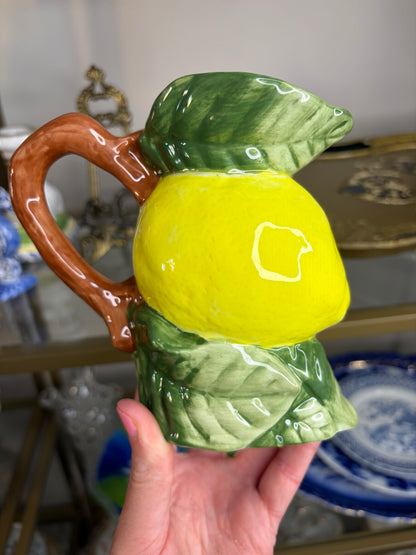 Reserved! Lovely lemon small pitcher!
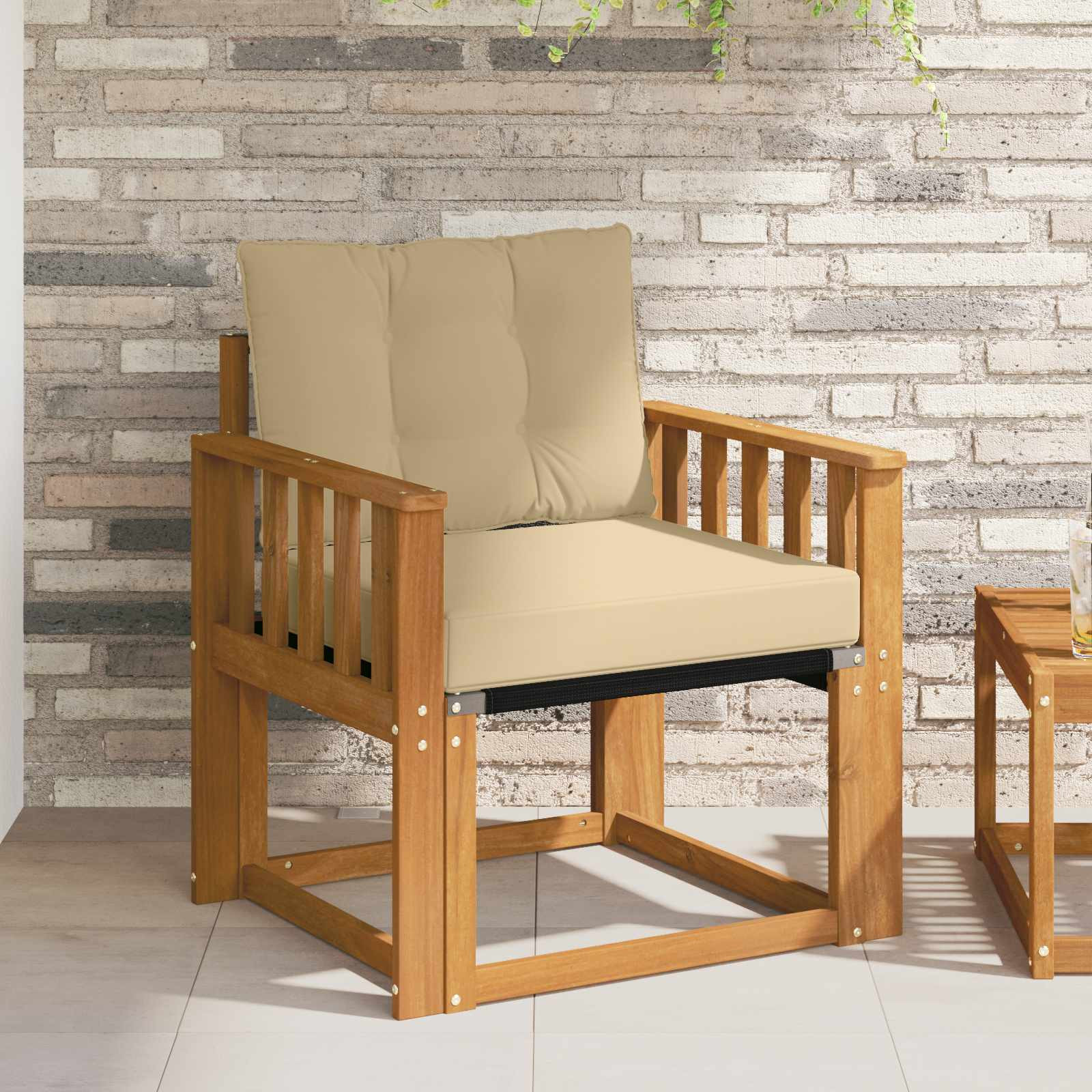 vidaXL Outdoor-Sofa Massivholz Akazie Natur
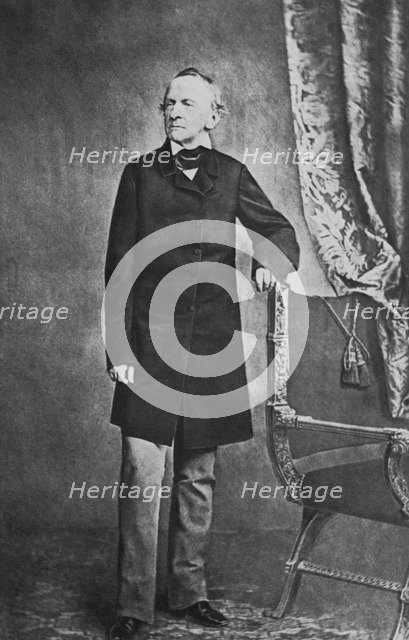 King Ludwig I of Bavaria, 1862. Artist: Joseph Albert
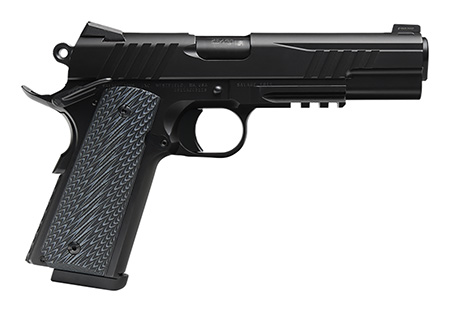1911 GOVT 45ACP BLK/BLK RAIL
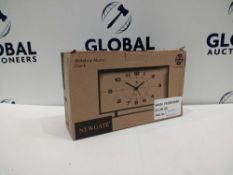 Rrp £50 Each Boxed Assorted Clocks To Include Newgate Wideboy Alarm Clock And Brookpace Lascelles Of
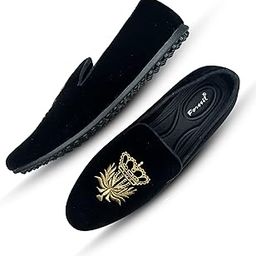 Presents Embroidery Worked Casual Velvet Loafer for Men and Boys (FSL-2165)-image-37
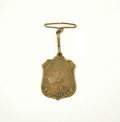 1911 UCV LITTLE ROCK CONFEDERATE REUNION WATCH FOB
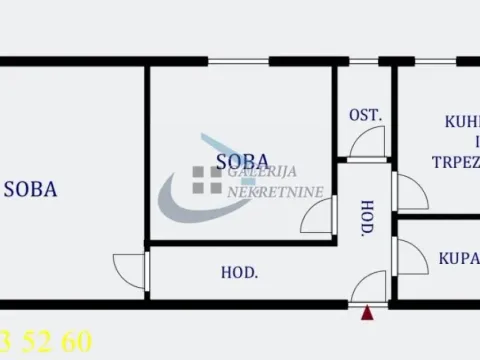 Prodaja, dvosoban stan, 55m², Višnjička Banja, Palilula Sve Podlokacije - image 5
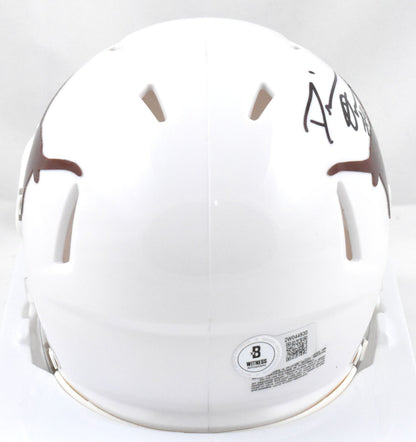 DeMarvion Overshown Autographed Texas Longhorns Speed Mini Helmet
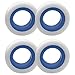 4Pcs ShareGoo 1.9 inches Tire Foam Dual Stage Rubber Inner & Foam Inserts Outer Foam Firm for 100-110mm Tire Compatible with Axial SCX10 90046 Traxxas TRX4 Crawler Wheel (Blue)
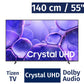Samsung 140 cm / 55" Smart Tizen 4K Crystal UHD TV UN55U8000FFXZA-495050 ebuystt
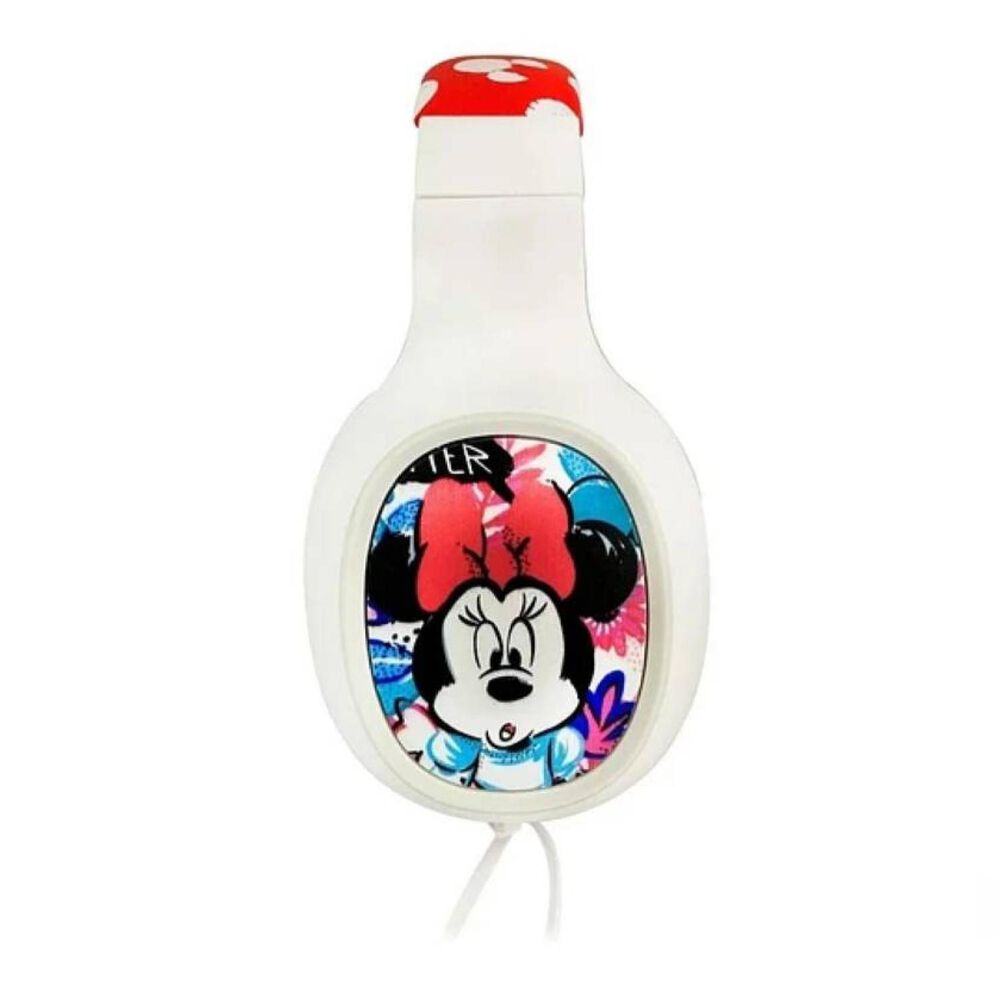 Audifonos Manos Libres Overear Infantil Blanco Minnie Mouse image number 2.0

___

:: THE PROBLEM ::
Starting at the first line of the material, output exactly the lines up to and including the one with "Rrp £50 Each". Do not include the pictures.

:: SOLUTION ::
 Reserved! Lovely lemon small pitcher!
 vidaXL Outdoor-Sofa Massivholz Akazie Natur
 King Ludwig I of Bavaria, 1862. Artist: Joseph Albert
1911 GOVT 45ACP BLK/BLK RAIL
 Rrp £50 Each Boxed Assorted Clocks To Include Newgate Wideboy Alarm Clock And Brookpace Lascelles Of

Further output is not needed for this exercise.